He paused for breath, and since the real Comber would have raised a cheer, I resisted the temptation to cry “Hear! hear!” and ventured a fervent “Amen!” Crixus nodded, dabbing his lips with a handkerchief, and sat forward, laying his skinny hand on mine.
“Yet still the people hesitate, for it is a fearful prospect, Mr Comber! Not for four score years have we faced such peril. ‘It would destroy us!’ cry the fainthearts. ‘Let it be!’ cry the thoughtless. Still they hope that conflict may be avoided – but given a lead, they will cast away their doubts! It needs a man to give that lead, sir – to fire that train!” He was staring at me, his talons tightening. “And God, in His infinite wisdom, has sent us such a man!”
For one horrible instant I thought he meant me.
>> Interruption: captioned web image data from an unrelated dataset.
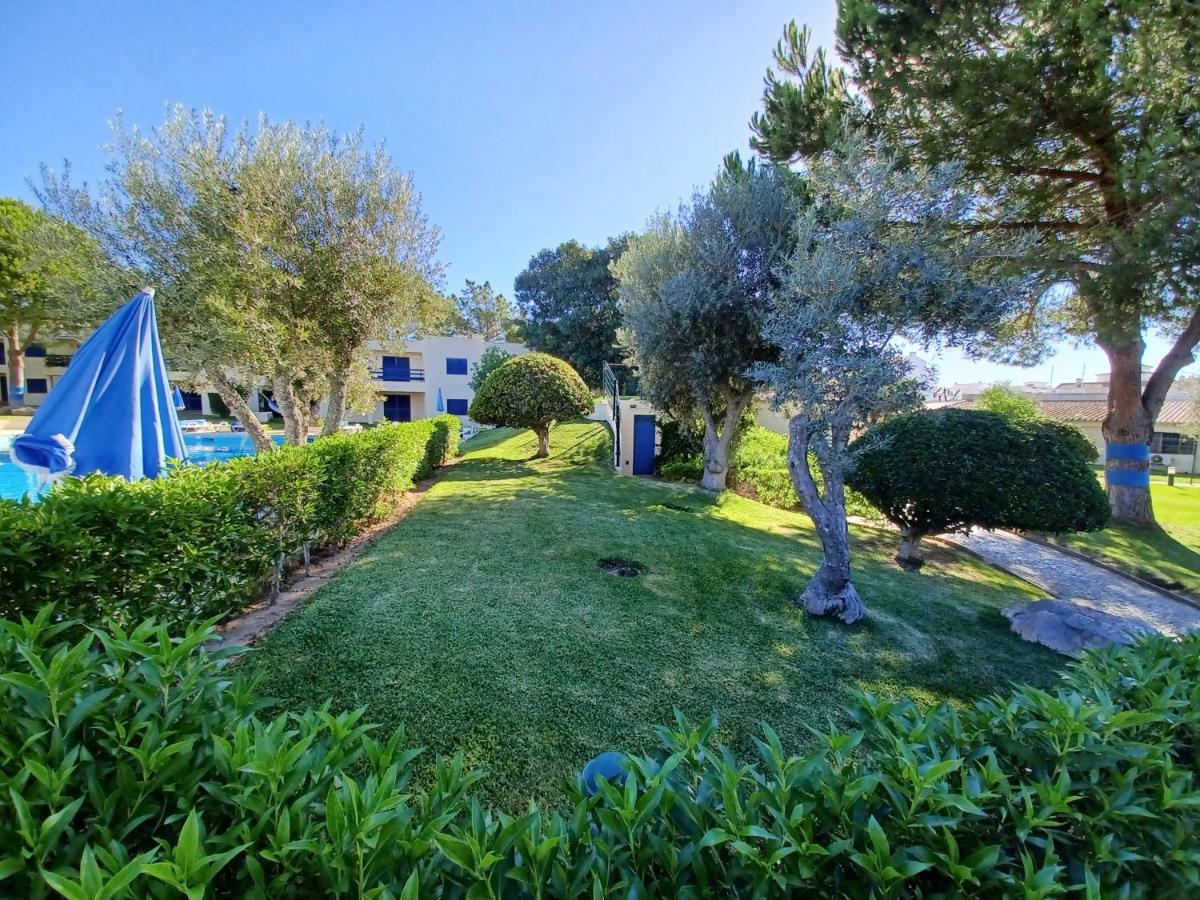 Vadimar Alvor Holidays Екстериор снимка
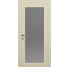 Двері міжкімнатні DOORIS PRIMA GLASS PG01 RAL 1013, 655x2037. Номер 0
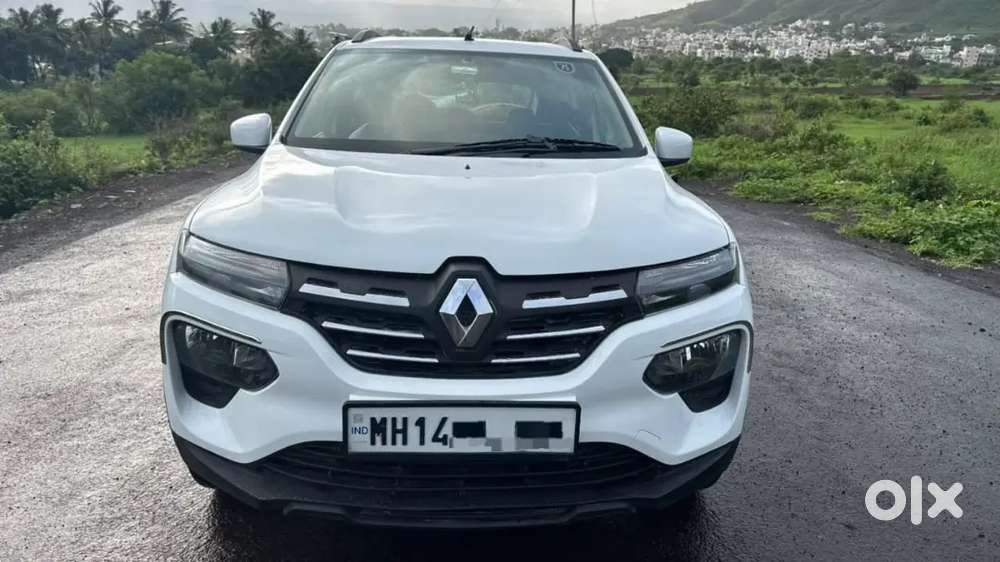 Renault Kwid Rxt Petrol 2022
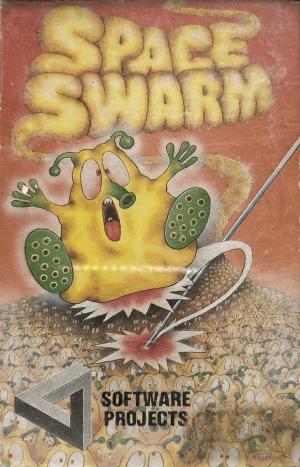 Space Swarm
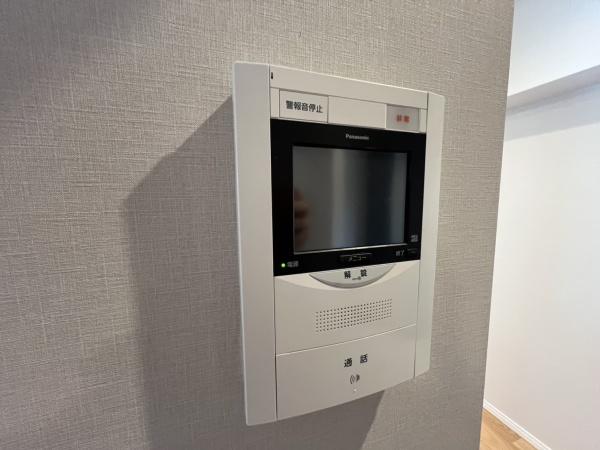 コスモガーデン日暮里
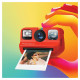 Polaroid Go Instant Camera Red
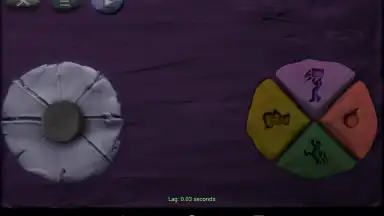 Captura de tela de BombSquad Remote 3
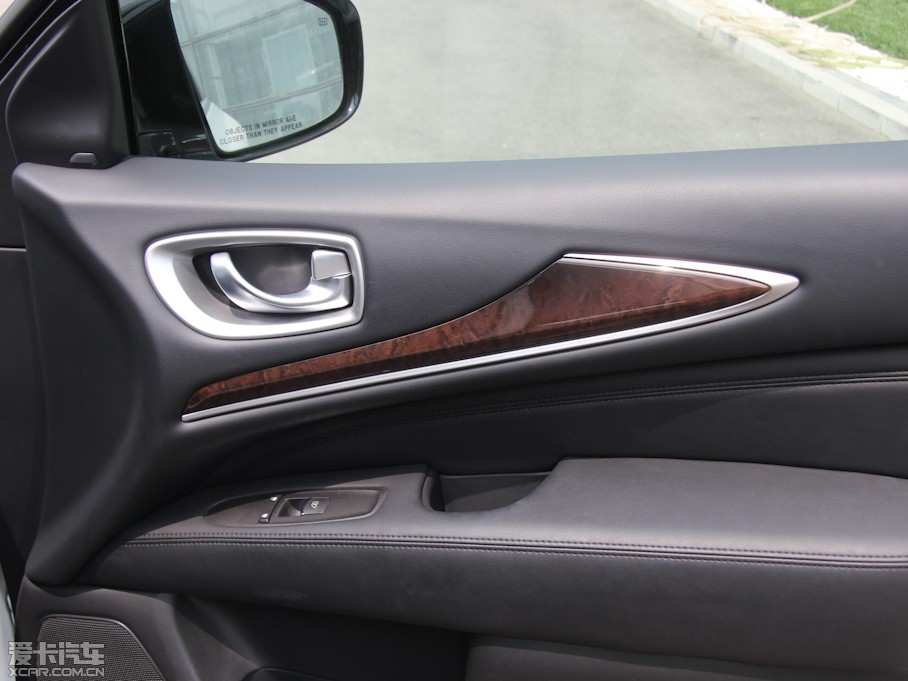 2013ӢQX60(M) 35 ȫܰ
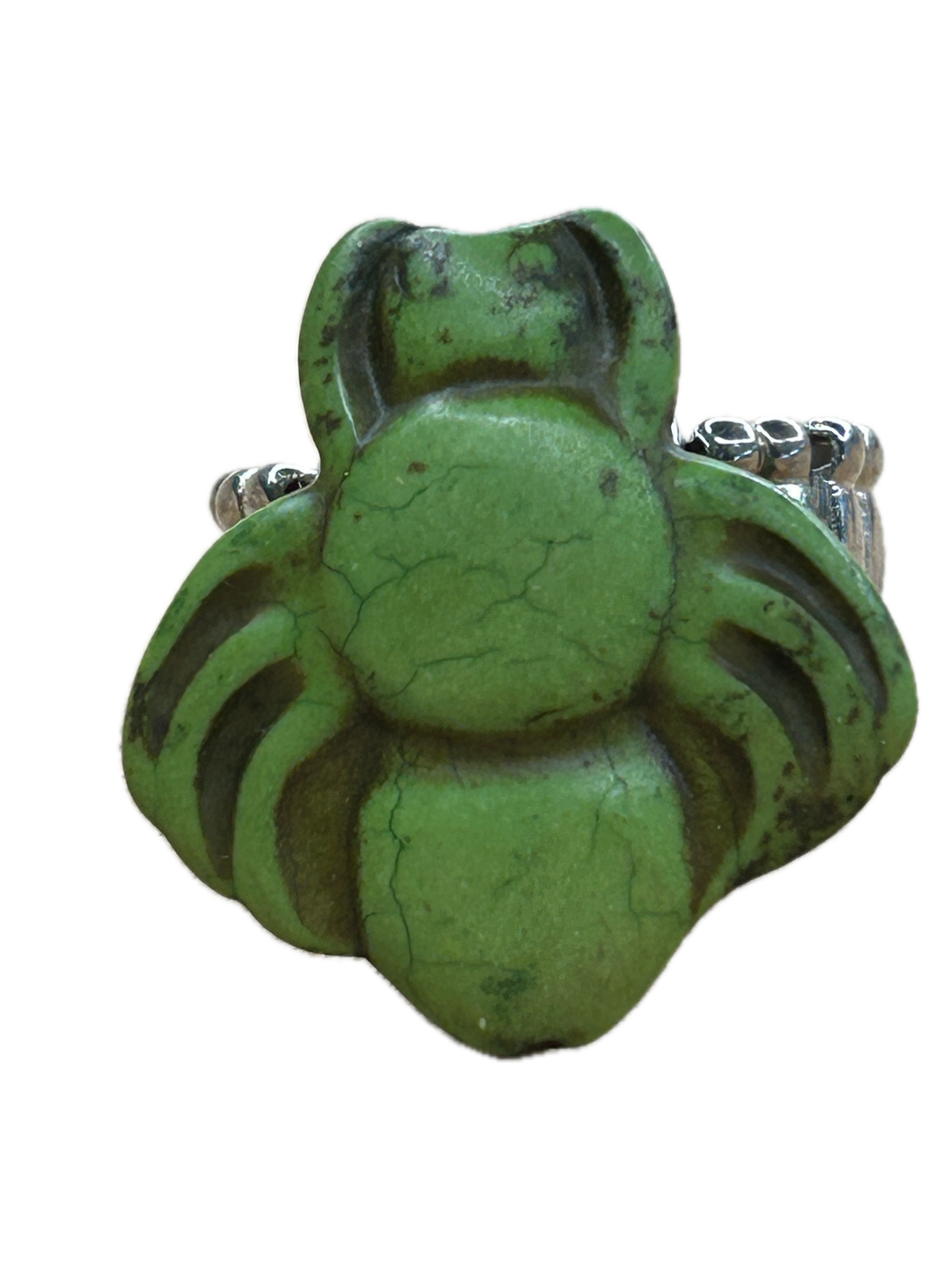 Spider Stretch Ring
I’ve heard worse, you know, and I knew what this little fanatic was capable of when he had the bit between his teeth. I stared back, stricken, and he asked:
“What do you know of John Brown?”
That he’s a hairy impertinent lout who can hold more hard liquor than a distillery, was my immediate thought, for the only John Brown I knew was a young ghillie who’d had to be carried home on a hurdle the day I’d gone on that ghastly deer-stalk with Prince Albert at Balmoral, when Ignatieff had come within an ace of filling me with buckshot. But Crixus could never have heard of him, for this, you see, was years before Balmoral Brown had become famous as our gracious Queen’s attendant (and some said, more than that, but it’s all rot, in my opinion, for little Vicky had excellent taste in men, bar Albert; she always fancied me).
I confessed I’d never heard of an American called John Brown, and Crixus said “Ah!” with the satisfied gleam of one who is bursting with great news to tell, which he did, and that was the first I ever heard of Old Ossawatomie, the Angel of the Lord – or the murderous rustler, whichever you like. To Crixus he was God’s own prophet, a kind of Christ with six-guns, but if I give you his version, unvarnished, you’ll start off with a lop-sided view, so I’ll interpolate what I learned later, from Brown himself, and from friends and foes alike, all of it true, so far as I know – which ain’t to say that Crixus wasn’t truthful, too.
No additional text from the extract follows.